Material for the task:
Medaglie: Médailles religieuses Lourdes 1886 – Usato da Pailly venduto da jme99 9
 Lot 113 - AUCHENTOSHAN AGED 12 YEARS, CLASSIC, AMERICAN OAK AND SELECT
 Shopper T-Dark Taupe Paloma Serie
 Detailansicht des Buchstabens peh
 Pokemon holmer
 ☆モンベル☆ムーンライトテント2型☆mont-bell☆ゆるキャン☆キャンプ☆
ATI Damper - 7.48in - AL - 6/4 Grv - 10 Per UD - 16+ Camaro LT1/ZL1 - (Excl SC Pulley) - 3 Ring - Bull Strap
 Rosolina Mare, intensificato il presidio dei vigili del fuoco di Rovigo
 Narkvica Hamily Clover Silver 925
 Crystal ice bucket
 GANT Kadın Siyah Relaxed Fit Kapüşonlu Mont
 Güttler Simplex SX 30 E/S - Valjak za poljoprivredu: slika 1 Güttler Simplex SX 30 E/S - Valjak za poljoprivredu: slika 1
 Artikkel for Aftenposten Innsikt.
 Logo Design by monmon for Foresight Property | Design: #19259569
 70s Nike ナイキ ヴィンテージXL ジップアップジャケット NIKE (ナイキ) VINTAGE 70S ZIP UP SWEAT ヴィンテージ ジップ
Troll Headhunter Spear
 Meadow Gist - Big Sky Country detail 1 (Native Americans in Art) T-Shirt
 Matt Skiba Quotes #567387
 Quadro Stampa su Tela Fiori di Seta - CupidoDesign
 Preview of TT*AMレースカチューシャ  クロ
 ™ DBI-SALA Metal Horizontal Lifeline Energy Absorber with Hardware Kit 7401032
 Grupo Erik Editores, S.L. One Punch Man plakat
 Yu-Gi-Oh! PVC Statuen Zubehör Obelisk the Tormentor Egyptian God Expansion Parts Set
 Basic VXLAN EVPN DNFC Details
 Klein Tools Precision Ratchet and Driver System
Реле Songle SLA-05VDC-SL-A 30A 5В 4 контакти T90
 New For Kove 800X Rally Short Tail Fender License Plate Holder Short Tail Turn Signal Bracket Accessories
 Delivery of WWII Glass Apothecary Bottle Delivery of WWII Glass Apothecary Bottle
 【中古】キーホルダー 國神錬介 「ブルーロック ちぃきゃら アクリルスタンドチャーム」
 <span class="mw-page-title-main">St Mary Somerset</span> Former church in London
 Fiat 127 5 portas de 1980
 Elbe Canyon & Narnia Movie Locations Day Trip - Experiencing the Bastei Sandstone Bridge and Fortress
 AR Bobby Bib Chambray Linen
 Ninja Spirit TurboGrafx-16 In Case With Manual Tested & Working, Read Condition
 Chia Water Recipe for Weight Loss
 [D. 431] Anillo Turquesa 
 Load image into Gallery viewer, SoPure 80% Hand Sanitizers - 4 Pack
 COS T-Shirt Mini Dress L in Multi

Exercise goal: Copy all lines from the material that contain "Shirt".

Task response:
 Meadow Gist - Big Sky Country detail 1 (Native Americans in Art) T-Shirt
 COS T-Shirt Mini Dress L in Multi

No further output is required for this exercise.